AI is writing more of your code than ever – and breaking production faster than your teams can keep up. Here’s what that actually means, and what to do about it.
There was a survey published this week that made us sit up. CloudBees asked more than 200 enterprise technology leaders about the code their teams are shipping, and 81% of them said AI-generated code had increased the number of production issues they’re dealing with. Not coding bugs caught in review – problems that surfaced after the code had already gone live.
Here’s the part that really stood out, though. In the same survey, 92% of those leaders said they were confident their code was production-ready before it shipped. So you’ve got the vast majority confident things are fine, and the vast majority simultaneously reporting more things going wrong. Both of those can’t be comfortably true at once, and the gap between them is where the real story is.

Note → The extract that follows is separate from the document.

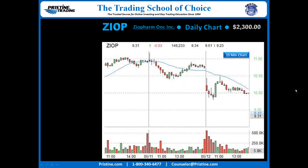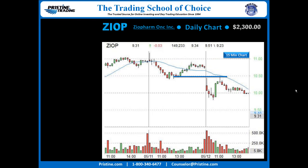Here is the 15-minute chart that was showing the key to the play — the rally back, retesting the high of the day right into a minor resistance area. Right there is your 15-minute sell setup.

That same week, Gartner put out its own assessment of the market for AI coding agents, describing it as entering a new phase of expansion and competitive realignment. Their headline prediction: by 2027, more than 65% of engineering teams using agentic coding will treat the IDE itself as optional, handing control and validation over to automated platforms. The tools are getting more capable and more autonomous, fast. The question nobody’s answering quite as loudly is whether the way we check that code is keeping pace.
Short answer? It isn’t.
More code, less certainty
Let’s look at what the CloudBees numbers are actually telling us. Respondents said 61% of their code is now either generated by AI or written with AI assistance. 64% of those engineering organisations have AI widely or fully baked into their workflows. And just over half – 52% – report a genuine uptick in how much software they’re producing.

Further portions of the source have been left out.